On a quick look pass, this looks sane, and nests many-to-one sets of data
within the parent record.
A few things to think about:
* A double in mySQL will be a double in Avro, not a long.
* Each field that can be null in the database should be a union of null
and the field type. For example, if a schema was
//pseudo syntax
CREATE TABLE "Foo" (
id int primary_key,
product_id int not null,
message varchar[100])
-----
then the record would need three fields -- the first two are integers that
are not nullable, and the last one is a string that may be null:
{"type":"record",
"name":"Foo",
"fields":{
"id":"int",
"product_id":"int",
"message":[null, "string"]
}
}
-Scott
On 11/24/12 5:23 AM, "Bart Verwilst" <[email protected]> wrote:
>Hello!
>
>I'm currently writing an importer to import our MySQL data into hadoop
>( as Avro files ). Attached you can find the schema i'm converting to
>Avro, along with the corresponding Avro schema i would like to use for
>my imported data.
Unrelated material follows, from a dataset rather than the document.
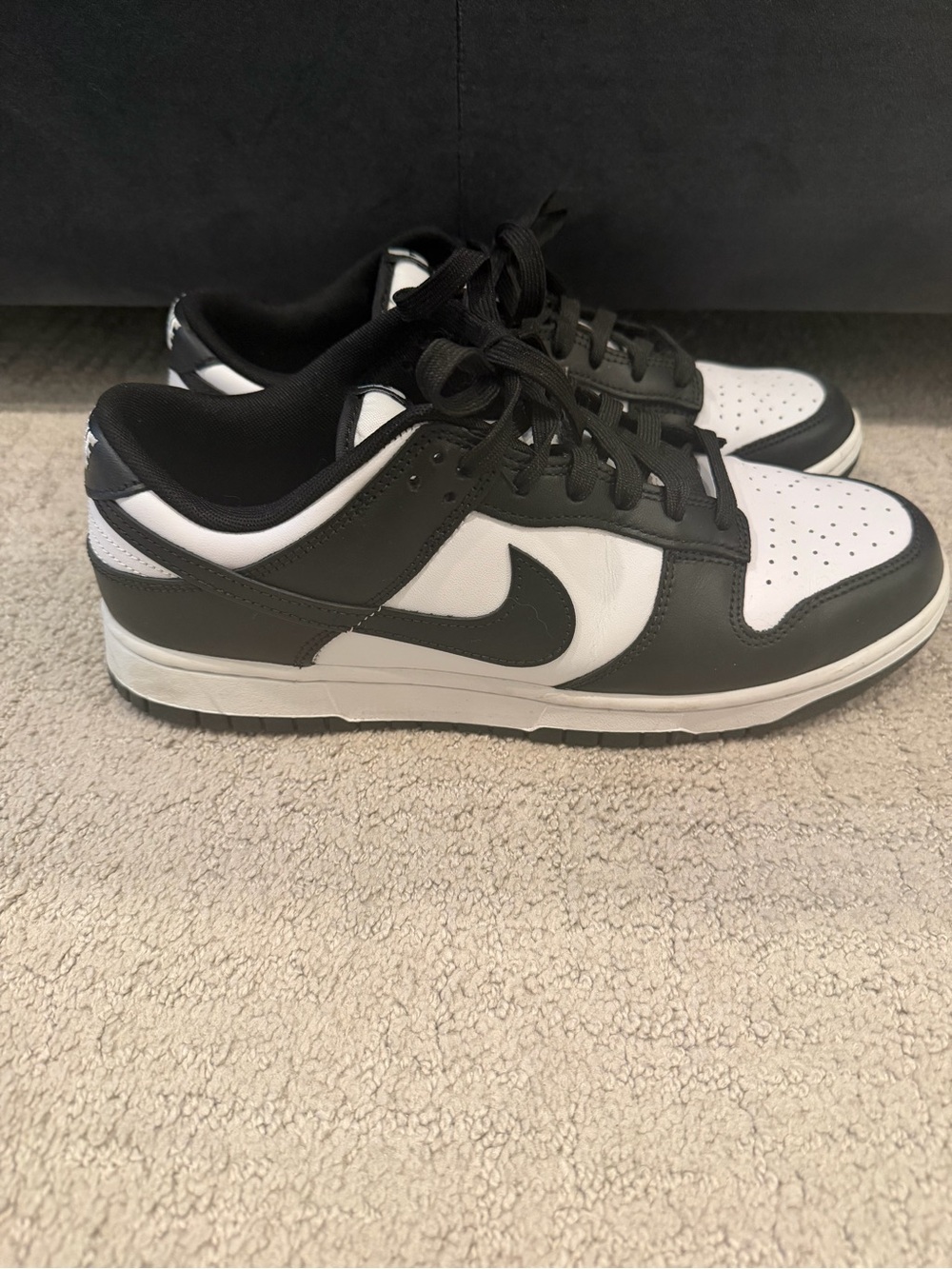 Nike Men’s Low-Top Dunks - Black/White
I was wondering if you guys could go over the schema
>and determine if this is sane/optimal, and if not, how i should improve
>it.
>
>As a sidenote, i converted bigints to long, and had 1 occurrence of
>double, which i also converted to long in the avro, not sure if that's
>the correct type?
>
>Thanks in advance for your expert opinions! ;)
>
>Kind regards,
>
>Bart